Historic, you ask? Never heard of it.
Well, me either until the other day. Though I grew up in Appalachia, Ohio likes to pretend I didn’t. In school the hills were treated almost as a dirty secret; we learned precious little about either their history or geography. Only in adulthood have I become interested, and had bits of it filtered to me through sources as diverse as prime-source documents to internet comics.
One of the biggest features of the Appalachians is that they march in lines from north to south. You can follow the ridge-tops for scores of miles at a time, a river on either side a thousand feet down, and this is possible because of our modern roads, modern materials. Two hundred years ago, these mountains represented impenetrable barriers between one town and the next, which neither wagons nor horses could cross. Only in certain small places could one breach these hurdles; from the South to the North, the Cumberland Gap was one of these places. And that’s where we were driving on the old US 25 West.

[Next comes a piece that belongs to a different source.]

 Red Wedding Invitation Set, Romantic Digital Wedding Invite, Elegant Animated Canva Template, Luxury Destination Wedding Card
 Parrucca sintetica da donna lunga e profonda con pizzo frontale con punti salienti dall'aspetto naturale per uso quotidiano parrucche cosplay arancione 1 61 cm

It started out as most Appalachian roads do, littered with trailers that could pass for abandoned but probably weren’t, interspersed with one or two homes that had the pride the owner feels for them nearly emblazoned on their pristine vinyl siding. For a few miles, it could’ve been anywhere between Atlanta and Pittsburg.
And then we began to climb.
And the cliffs rose
And the river changed.
At first, it was no more than a mildly green run that wound next to the road like a faithful dog, here and there, but always coming back to check on us, shallow and sweet.
Then came a boulder, and another. A deep bend, and suddenly the railway tracks were on the other side of the river and there was a kayaker paddling through the emerald green as the trees leaned overhead. Not leafy green creatures draped in kudzu, no; it’s early April still, and the branches were bare but for the occasional blaze of the inaccurately-named redbud glowing purple against dusty trunks.
Onward we drove, not deeper into the trees, for we were already well in their domain, but higher into the mountains where whole rock faces had shed their soil to tower above us. The car bumped over one patch where the road had slipped not long ago, then another, and below us the river began to churn up white foam. Not the stinking, dirty stuff of coal run-off and PH gone wrong, but what happens when two forces collide and we humans will not see which one wins within our lifetime.
Emerald green, jade green, can I describe the color of the river? Can I dwell on its beauty among tree trunks that varied from the gray of ash to the brown of a floor in need of refinishing? My father always says that winter is when you can see the bones of the hills, and if that is true then we were walking the graveyard at high noon.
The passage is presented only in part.